Resolvemos fundar o nosso. Um espaço não comercial, de resistência. Mais um trabalho de militância, voluntário, por suposto. Jaime propôs um jornal; eu, uma revista. O nome eu escolhi (ele queria Bacurau). Dividimos as tarefas. A capa ficou com ele, a linha editorial também.

Correr atrás da grana ficou por minha conta. A paleta de cores, depois de larga prosa, Jaime fechou questão – “nossas cores vão ser o vermelho e o amarelo, porque revista tem que ter cor de luta, cor vibrante” (eu queria verde-floresta). Na paz, acabei enfiando um branco.
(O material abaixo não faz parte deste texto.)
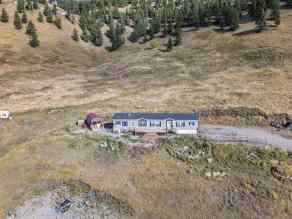 Detached Rural Rocky View County homes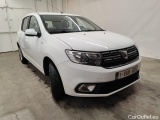  Dacia  Sandero Dacia  1.0 SCe 75 Lauréate 5d #2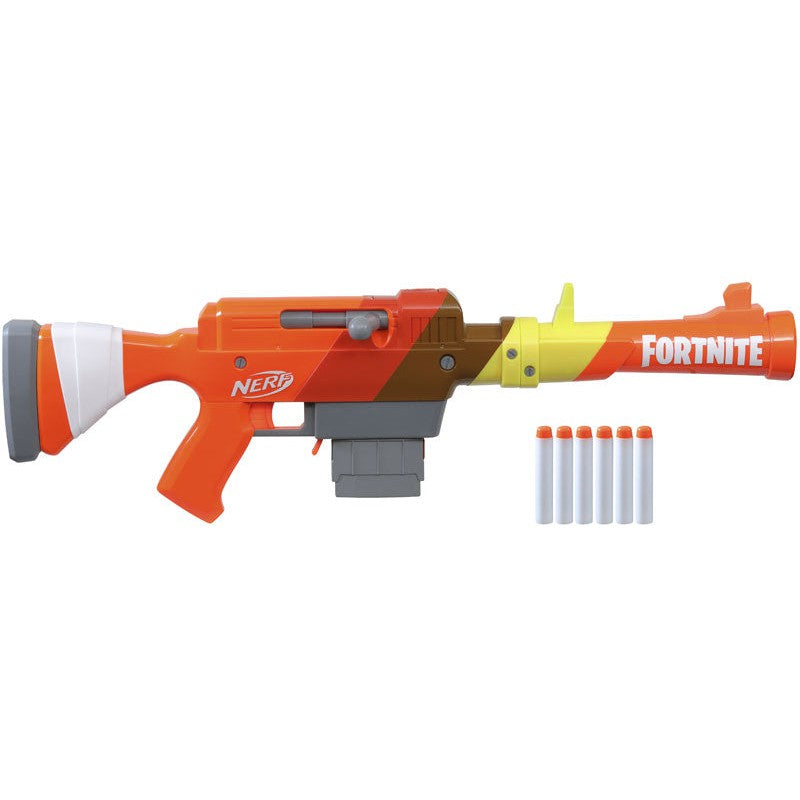 Nerf Fortnite Blasters 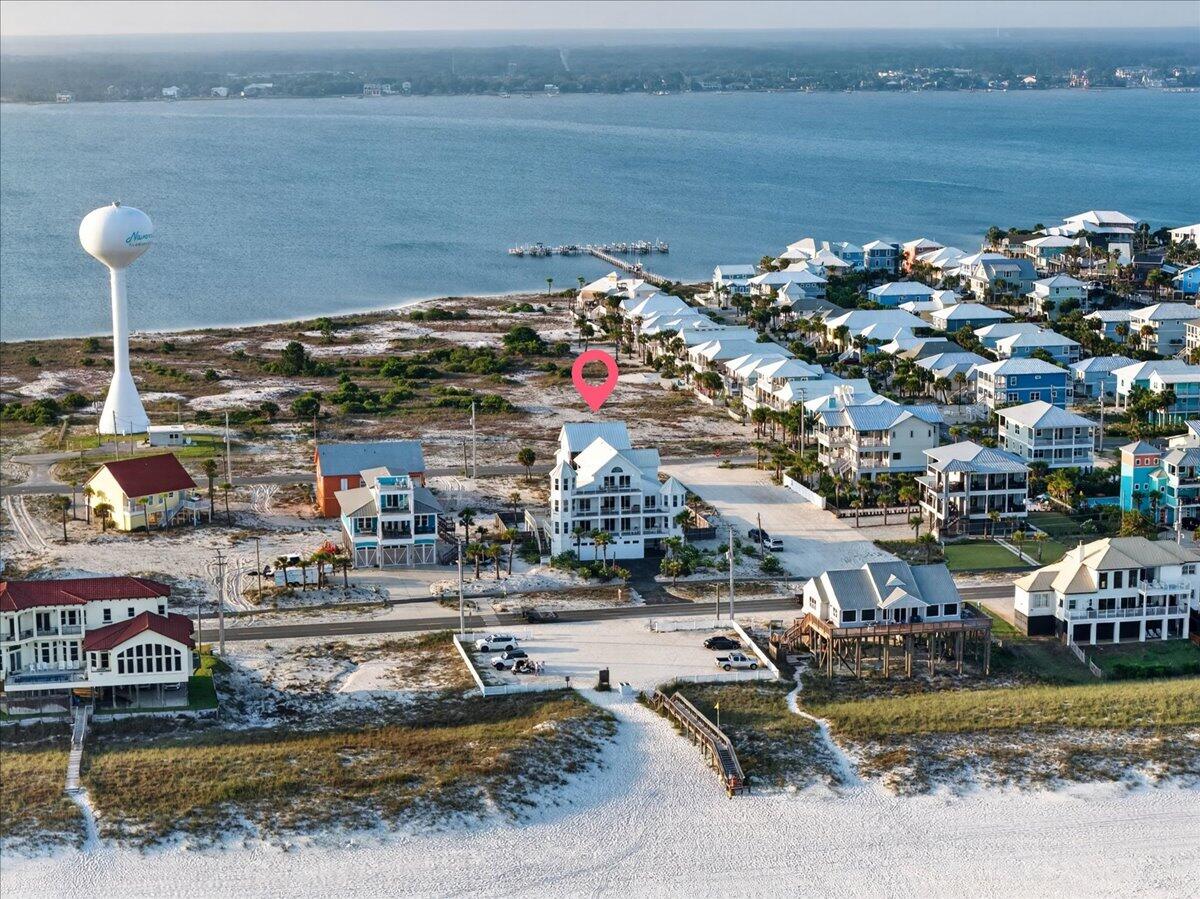 NAVARRE BEACH RESIDENTIAL - Residential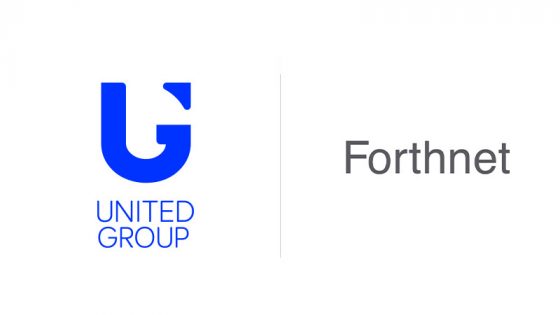 United Group prevzema Forthnet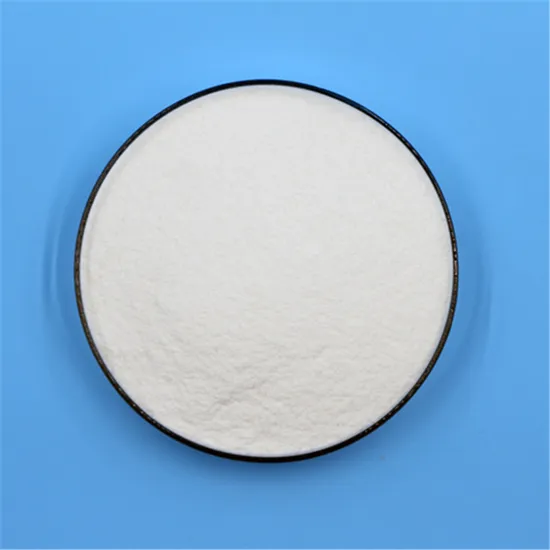 Oil Drilling PAC Polyanionic Cellulose with ISO 9001 Certification 25kg/Bag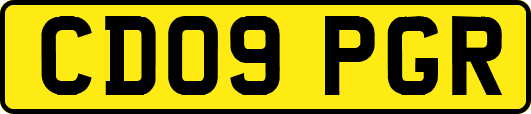CD09PGR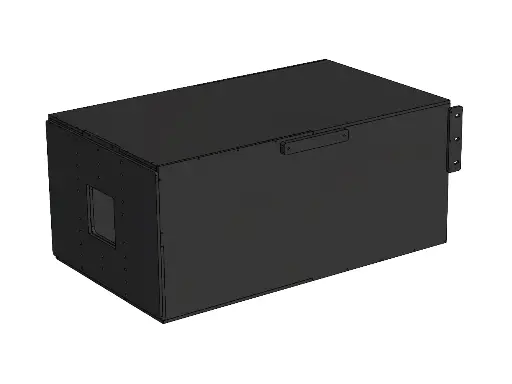 [Android ITS] Modular Tele Rig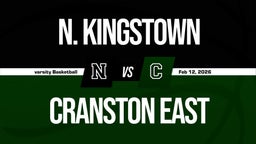 02/12 Highlights vs N. Kingstown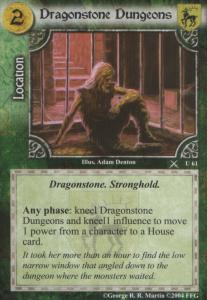 Dragonstone Dungeons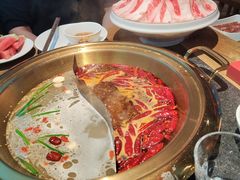 -川味观·鲜货火锅(西湖文化广场店)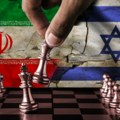 "Iran je lider u regionu" Rat na Bliskom istoku dokazao: Ni udari Amerike i Izraela nisu mogli da ga slome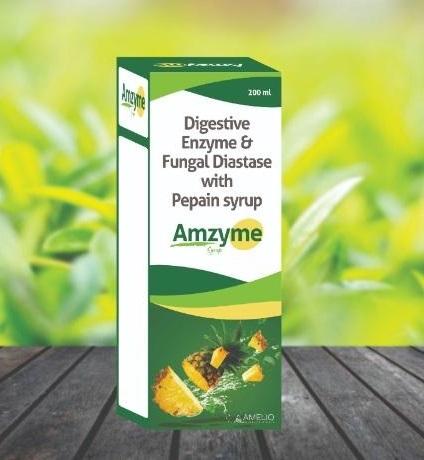Amzyme
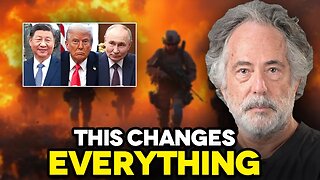 Pepe Escobar: Underestimated Global Event Is Unfolding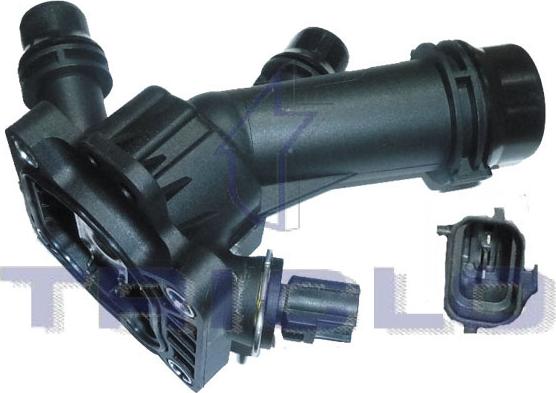 Triclo 467117 - Термостат, охолоджуюча рідина autocars.com.ua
Fizemos a primeira edição da Xapuri lá mesmo, na Reserva, em uma noite. Optamos por centrar na pauta socioambiental. Nossa primeira capa foi sobre os povos indígenas isolados do Acre: ‘Isolados, Bravos, Livres: Um Brasil Indígena por Conhecer”. Depois de tudo pronto, Jaime inventou de fazer uma outra boneca, “porque toda revista tem que ter número zero”.
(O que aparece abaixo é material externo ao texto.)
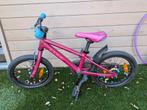 Cube 16 inch kinderfiets, Ophalen, Gebruikt, 16 tot 20 inch, Cube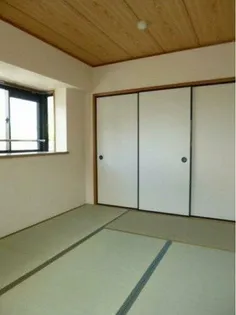 グランドメゾン神ノ倉【1階】の内装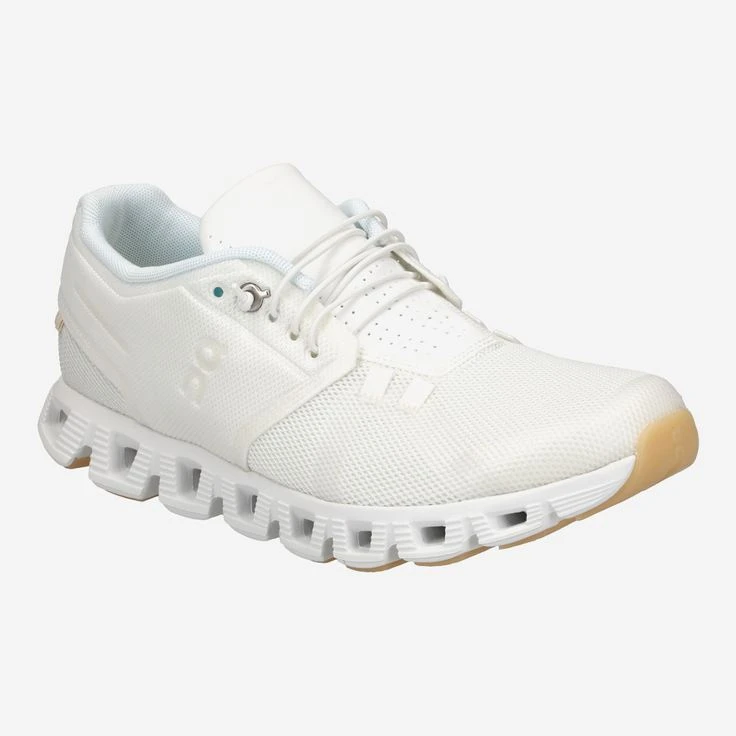 On Running Art. Cloud Undyed Weiß 1 On Running Art. Cloud Undyed Weiß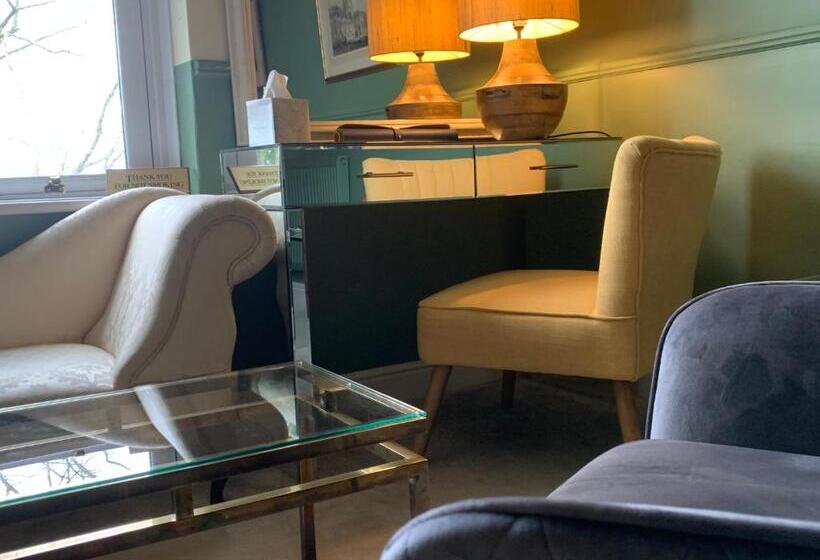 Habitació Deluxe, Baytree House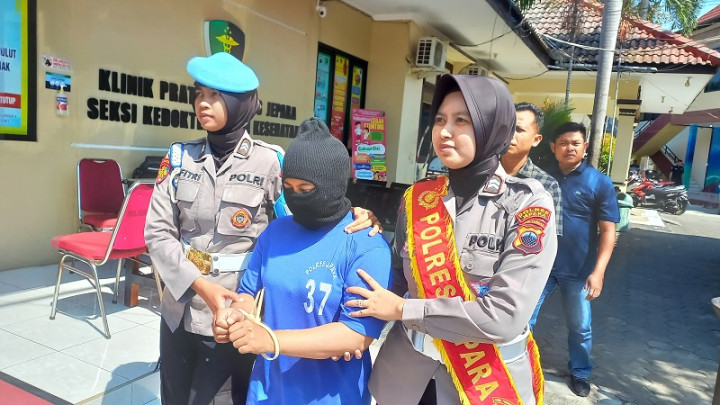 Kerugian Korban Lelang Arisan Bodong Mencapai Rp1,2 Miliar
Dessa vez finquei pé, ficamos com a capa indígena. Voltei pra Brasília com a boneca praticamente pronta e com a missão de dar um jeito de imprimir. Nos dias seguintes, o Jaime veio pra Formosa, pra convencer minha irmã Lúcia a revisar a revista, “de grátis”. Com a primeira revista impressa, a próxima tarefa foi montar o Conselho Editorial.

Jaime fez questão de visitar, explicar o projeto e convidar pessoalmente cada conselheiro e cada conselheira (até a doença agravar, nos seus últimos meses de vida, nunca abriu mão dessa tarefa). Daqui rumamos pra Goiânia, para convidar o arqueólogo Altair Sales Barbosa, nosso primeiro conselheiro. “O mais sabido de nóis,” segundo o Jaime.
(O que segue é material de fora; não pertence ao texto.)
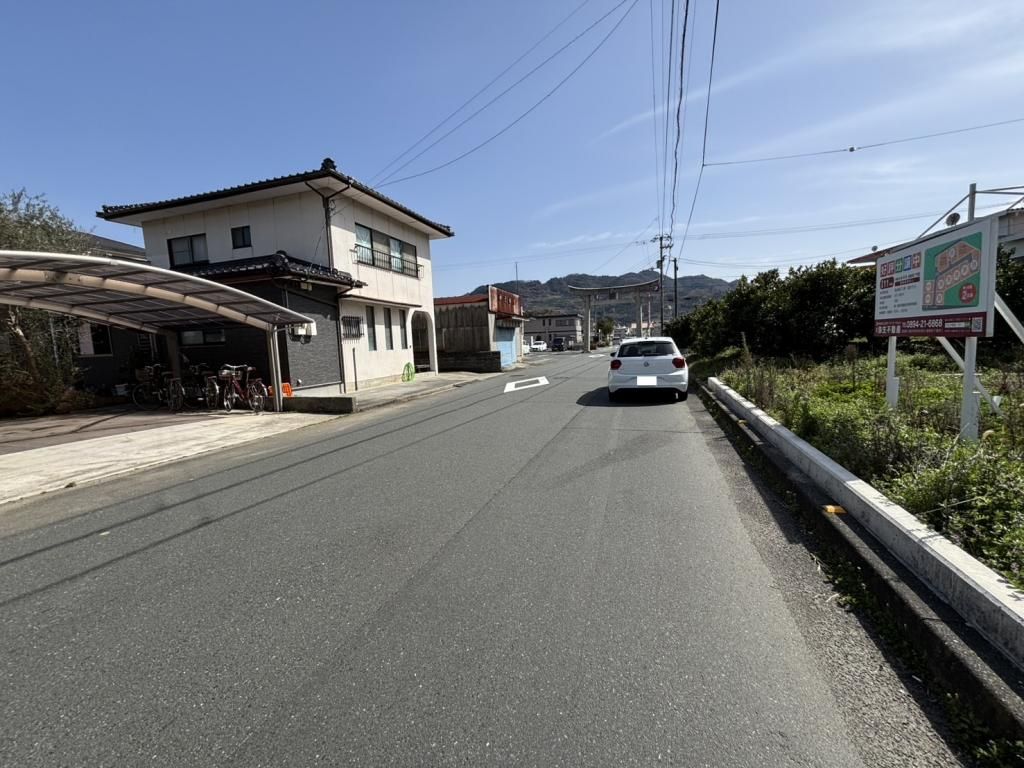 Building Lot in Yawatahama City, Ehime – 591 sqm - Thumbnail 3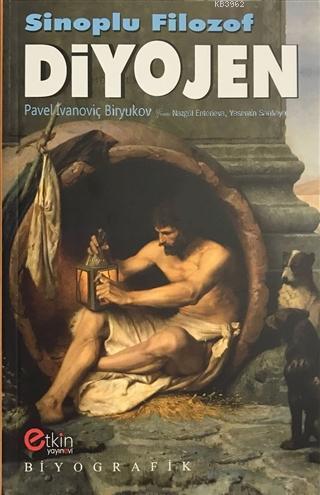 Sinoplu Filozof Diyojen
Trilhamos uma linda jornada. Em 80 meses, Jaime fez questão de decidir, mensalmente, o tema da capa e, quase sempre, escrever ele mesmo. Às vezes, ligava pra falar da ótima ideia que teve, às vezes sumia e, no dia certo, lá vinha o texto pronto, impecável.

Na sexta-feira, 9 de julho, quando preparávamos a Xapuri 81, pela primeira vez em sete anos, ele me pediu para cuidar de tudo. Foi uma conversa triste, ele estava agoniado com os rumos da doença e com a tragédia que o Brasil enfrentava. Não falamos em morte, mas eu sabia que era o fim.

Hoje, cá estamos nós, sem as capas do Jaime, sem as pautas do Jaime, sem o linguajar do Jaime, sem o jaimês da Xapuri, mas na labuta, firmes na resistência. Mês sim, mês sim de novo, como você sonhava, Jaiminho, carcamos porva e, enfim, chegamos à nossa edição número 100. E, depois da Xapuri 100, como era desejo seu, a gente segue esperneando.

Fica tranquilo, camarada, que por aqui tá tudo direitim.